RECORDS SUPPLIED:
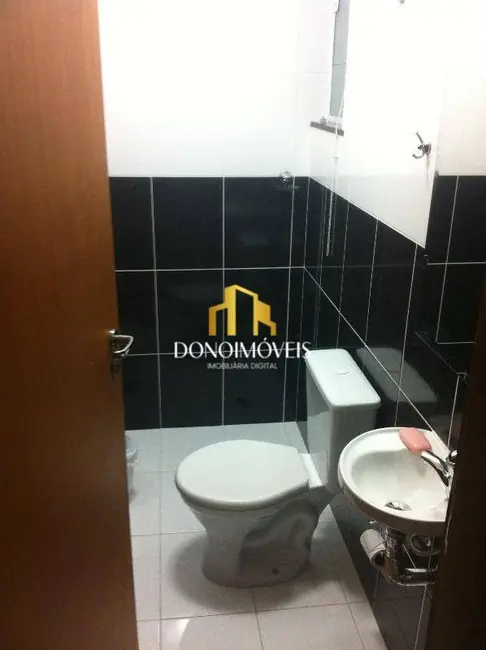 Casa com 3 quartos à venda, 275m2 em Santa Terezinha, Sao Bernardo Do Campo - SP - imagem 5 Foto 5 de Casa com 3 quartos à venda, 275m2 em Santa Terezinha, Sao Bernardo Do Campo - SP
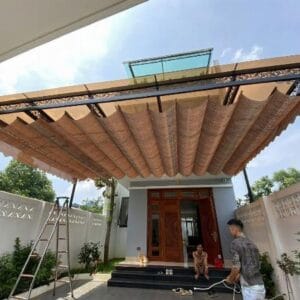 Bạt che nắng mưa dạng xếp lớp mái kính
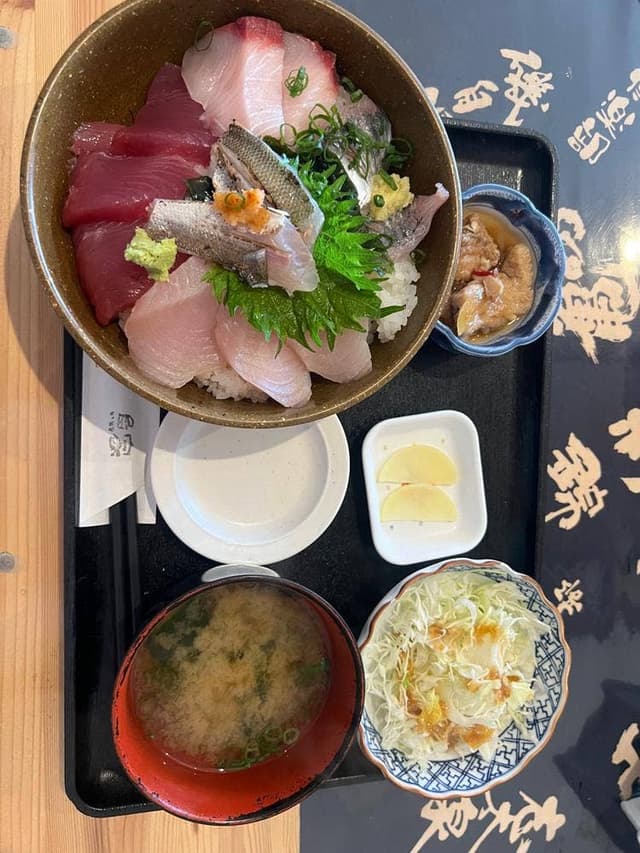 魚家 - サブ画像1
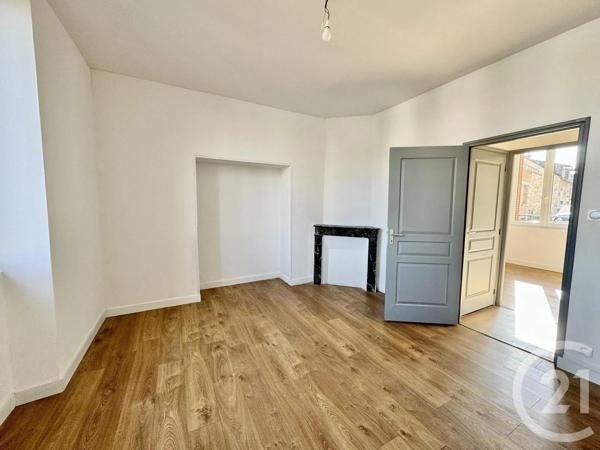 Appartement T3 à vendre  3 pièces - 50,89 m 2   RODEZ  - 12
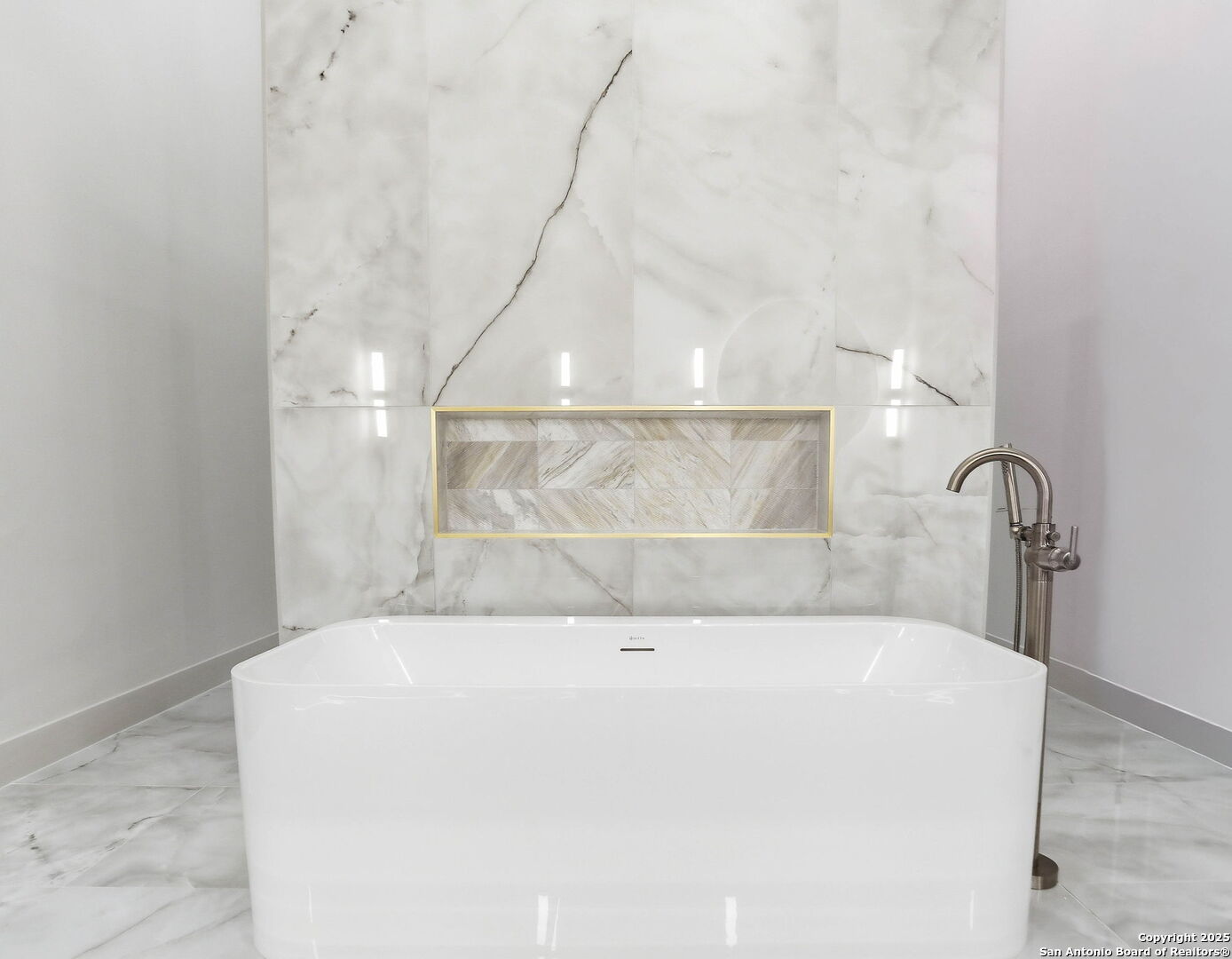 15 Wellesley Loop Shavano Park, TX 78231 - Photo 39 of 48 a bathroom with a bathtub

WORK TO COMPLETE:
Give the entries again exactly, but skip every image.

EXERCISE RESULT:
 Casa com 3 quartos à venda, 275m2 em Santa Terezinha, Sao Bernardo Do Campo - SP - imagem 5 Foto 5 de Casa com 3 quartos à venda, 275m2 em Santa Terezinha, Sao Bernardo Do Campo - SP
 Bạt che nắng mưa dạng xếp lớp mái kính
 魚家 - サブ画像1
 Appartement T3 à vendre  3 pièces - 50,89 m 2   RODEZ  - 12
 15 Wellesley Loop Shavano Park, TX 78231 - Photo 39 of 48 a bathroom with a bathtub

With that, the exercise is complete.